Start of Source records

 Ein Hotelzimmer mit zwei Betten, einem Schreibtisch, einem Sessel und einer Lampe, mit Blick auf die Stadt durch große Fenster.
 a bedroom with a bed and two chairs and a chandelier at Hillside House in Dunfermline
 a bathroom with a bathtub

End of Source records
Start of Source records

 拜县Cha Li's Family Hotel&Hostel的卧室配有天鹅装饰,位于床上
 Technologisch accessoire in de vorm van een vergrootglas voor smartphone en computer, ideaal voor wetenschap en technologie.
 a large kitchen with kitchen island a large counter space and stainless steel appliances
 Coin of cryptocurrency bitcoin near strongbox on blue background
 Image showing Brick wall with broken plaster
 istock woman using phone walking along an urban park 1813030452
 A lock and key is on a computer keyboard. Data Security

End of Source records
Start of Source records

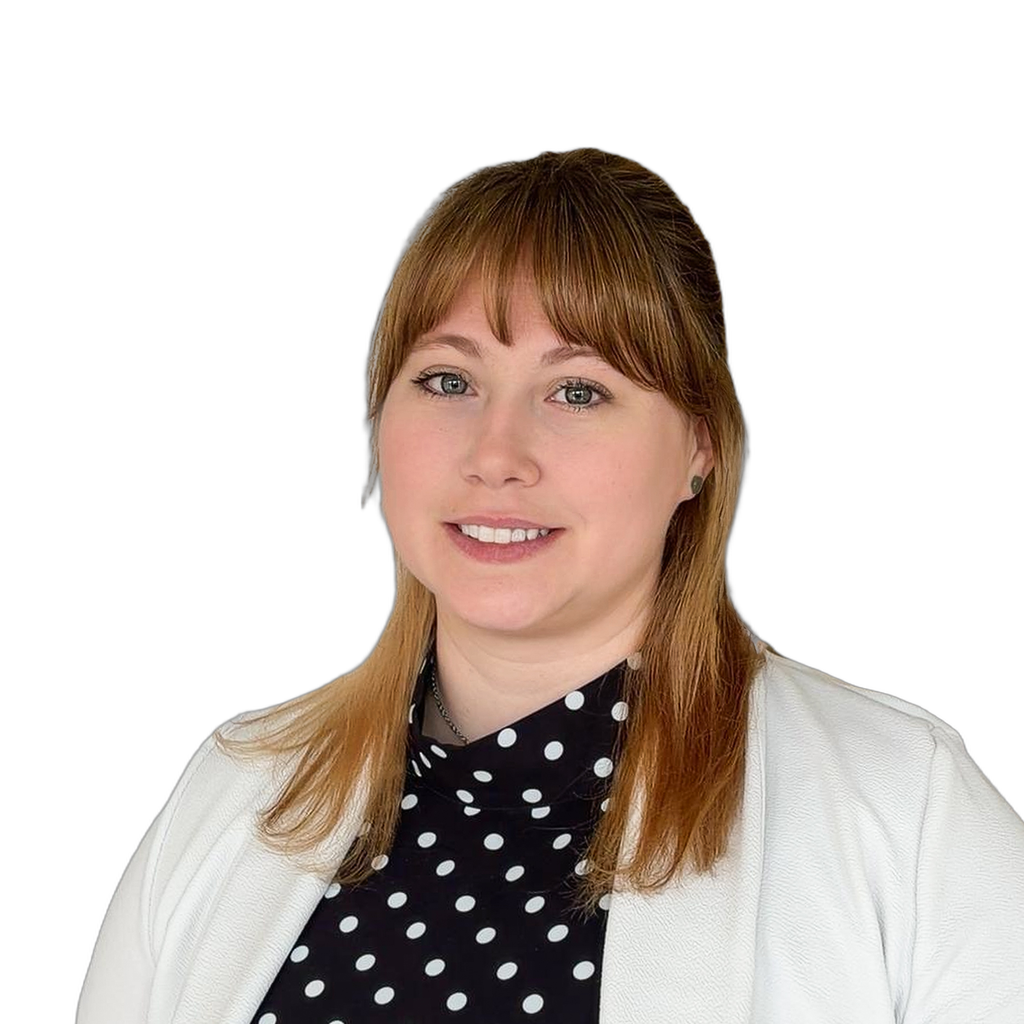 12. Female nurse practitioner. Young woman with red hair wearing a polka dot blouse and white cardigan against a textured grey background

End of Source records

▶ _Work request_: Each line above that contains "computer" must be copied out.

▶ _Reply_:
 Technologisch accessoire in de vorm van een vergrootglas voor smartphone en computer, ideaal voor wetenschap en technologie.
 A lock and key is on a computer keyboard. Data Security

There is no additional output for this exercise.